In this paper, I present results of a longterm ethnographic study of a superdiverse neighborhood
in New York City. This neighborhood, Astoria, is characterized by multiple waves of
international migration, recent internal migration, racial segregation, gentrification, and extreme
socioeconomic and ethnic diversification. First settled by Dutch and Germans in the 19th
century, it experienced several waves of immigration from Italy, overlapping with several later
waves of immigration from Greece. Still a focal point of the Greek American community,
Astoria has seen immigration from dozens of countries in the past decade, including Mexico,
Bangladesh, Japan, Brazil, and Croatia. No one group comes close to dominating numerically.
Recent local development projects have brought luxury housing and affluent, mostly white and
native-born (yet from outside New York City) residents, who live in close proximity to a 60 year
old public housing development that is predominantly African American and Hispanic.
Public space – such as parks, playgrounds, street markets, community gardens, and libraries – is
scarce and shared among the many kinds of residents of the neighborhood.
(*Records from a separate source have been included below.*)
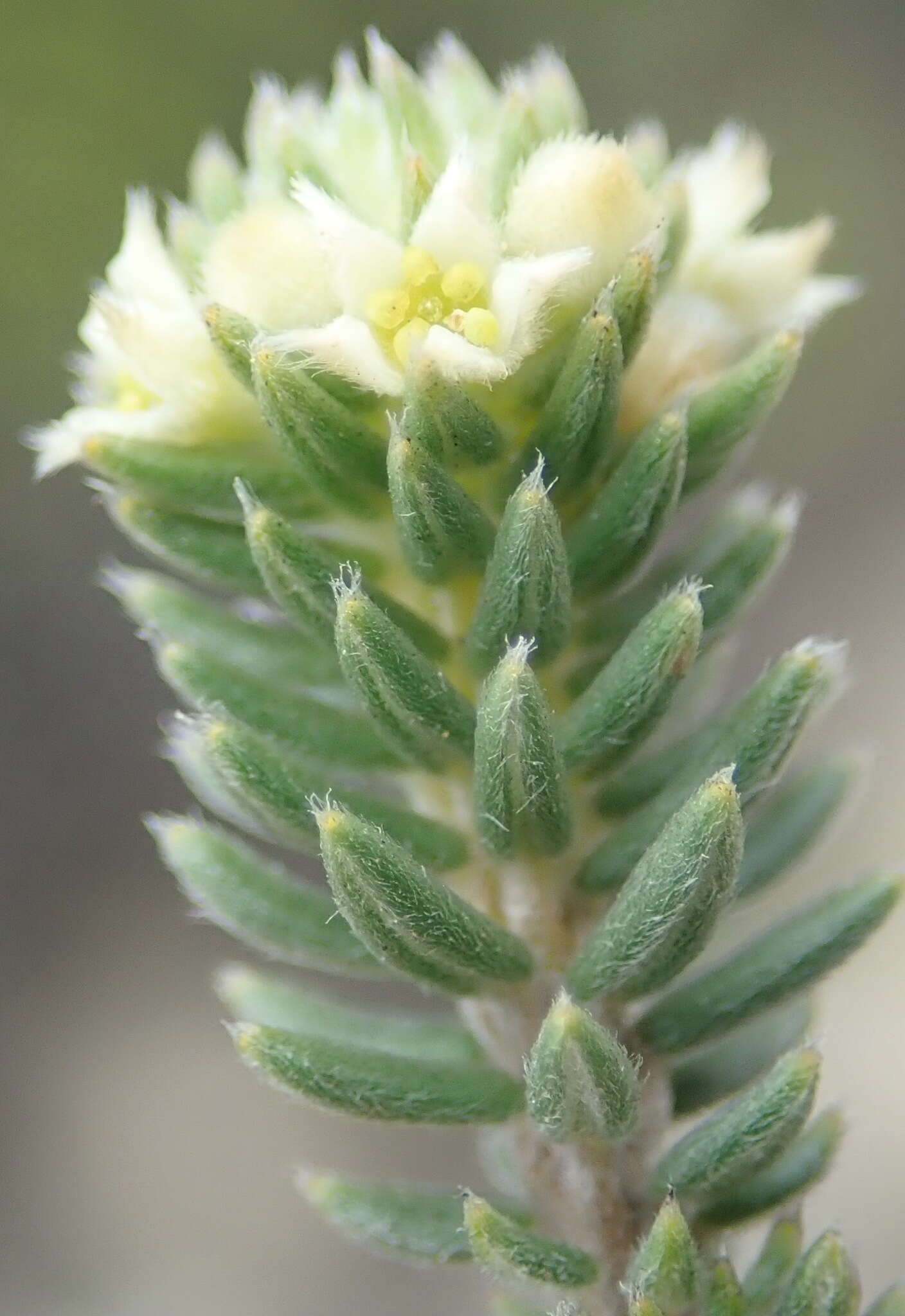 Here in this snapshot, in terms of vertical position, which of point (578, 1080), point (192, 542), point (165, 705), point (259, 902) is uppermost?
point (165, 705)

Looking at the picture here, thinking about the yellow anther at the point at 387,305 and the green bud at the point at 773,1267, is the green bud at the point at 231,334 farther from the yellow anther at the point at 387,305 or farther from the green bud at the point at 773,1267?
the green bud at the point at 773,1267

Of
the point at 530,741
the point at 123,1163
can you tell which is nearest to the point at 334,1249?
the point at 123,1163

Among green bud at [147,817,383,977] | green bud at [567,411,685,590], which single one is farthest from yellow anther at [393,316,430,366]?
green bud at [147,817,383,977]

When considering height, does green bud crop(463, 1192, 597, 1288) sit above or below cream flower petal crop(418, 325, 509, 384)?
below

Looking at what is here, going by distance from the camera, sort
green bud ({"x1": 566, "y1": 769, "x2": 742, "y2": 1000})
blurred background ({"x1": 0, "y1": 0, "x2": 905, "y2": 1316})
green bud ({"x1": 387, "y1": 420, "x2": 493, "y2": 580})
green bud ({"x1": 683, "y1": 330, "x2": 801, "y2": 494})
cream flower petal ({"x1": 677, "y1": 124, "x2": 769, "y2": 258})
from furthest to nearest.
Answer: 1. blurred background ({"x1": 0, "y1": 0, "x2": 905, "y2": 1316})
2. cream flower petal ({"x1": 677, "y1": 124, "x2": 769, "y2": 258})
3. green bud ({"x1": 683, "y1": 330, "x2": 801, "y2": 494})
4. green bud ({"x1": 387, "y1": 420, "x2": 493, "y2": 580})
5. green bud ({"x1": 566, "y1": 769, "x2": 742, "y2": 1000})

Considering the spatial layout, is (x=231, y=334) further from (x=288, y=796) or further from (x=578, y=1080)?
(x=578, y=1080)

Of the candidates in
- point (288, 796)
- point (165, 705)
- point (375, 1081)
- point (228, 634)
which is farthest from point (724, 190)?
point (165, 705)

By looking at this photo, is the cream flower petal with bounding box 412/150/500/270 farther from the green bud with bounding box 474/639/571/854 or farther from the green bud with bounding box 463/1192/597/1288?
the green bud with bounding box 463/1192/597/1288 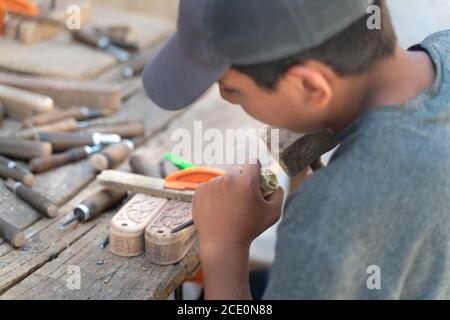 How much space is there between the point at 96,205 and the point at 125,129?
45 centimetres

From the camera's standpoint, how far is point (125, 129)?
2045mm

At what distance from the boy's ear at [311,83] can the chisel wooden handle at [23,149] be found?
38.1 inches

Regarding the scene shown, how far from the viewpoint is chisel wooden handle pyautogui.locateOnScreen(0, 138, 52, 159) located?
183cm

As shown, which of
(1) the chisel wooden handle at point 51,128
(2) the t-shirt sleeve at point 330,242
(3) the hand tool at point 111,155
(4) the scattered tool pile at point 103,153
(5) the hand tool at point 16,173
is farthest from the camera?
(1) the chisel wooden handle at point 51,128

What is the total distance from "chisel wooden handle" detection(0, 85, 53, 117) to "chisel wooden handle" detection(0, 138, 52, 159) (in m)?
0.23

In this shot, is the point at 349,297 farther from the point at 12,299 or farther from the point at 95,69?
the point at 95,69

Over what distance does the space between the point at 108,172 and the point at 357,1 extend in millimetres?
895

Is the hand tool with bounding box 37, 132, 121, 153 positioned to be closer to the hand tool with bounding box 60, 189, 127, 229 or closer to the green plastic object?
the green plastic object

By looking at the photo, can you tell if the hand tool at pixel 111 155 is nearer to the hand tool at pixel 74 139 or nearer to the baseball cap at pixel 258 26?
the hand tool at pixel 74 139

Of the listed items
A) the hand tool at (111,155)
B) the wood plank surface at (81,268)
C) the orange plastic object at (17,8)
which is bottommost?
the wood plank surface at (81,268)

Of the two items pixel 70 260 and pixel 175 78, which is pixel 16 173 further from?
pixel 175 78

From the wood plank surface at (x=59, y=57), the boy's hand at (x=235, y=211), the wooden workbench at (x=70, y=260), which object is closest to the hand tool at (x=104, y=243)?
the wooden workbench at (x=70, y=260)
Drawing on two
years of ethnographic research in the neighborhood, I examine the everyday practices of
negotiating difference in public space. How do people manage conflicting norms of public
behavior and different visions for the public space? How do these conflicts and negotiation
around these conflicts connect to larger structures of inequality locally and globally? What room
for resistance to social hierarchies exists under conditions of superdiversity and in public space
in particular?
I construct a typology of public space associated with different patterns of everyday lived
diversity, identifying conditions under which people engage with those different from them and
conditions conducive to exclusion, parallel lives, and conflict. I find that the community garden,
with its bounded physical space, sense of outside threat, and a common – if contested – purpose
is the public space most favorable to the formation of enduring ties across lines of difference,
and democratic negotiation of conflicts and disagreements. This is in contrast to the market,
where a more superficial conviviality prevails; a library, where space-specific ties combine with
reproduction of social categories; an ethnically themed park, where people conduct parallel lives;
and a sculpture park that operates to exclude.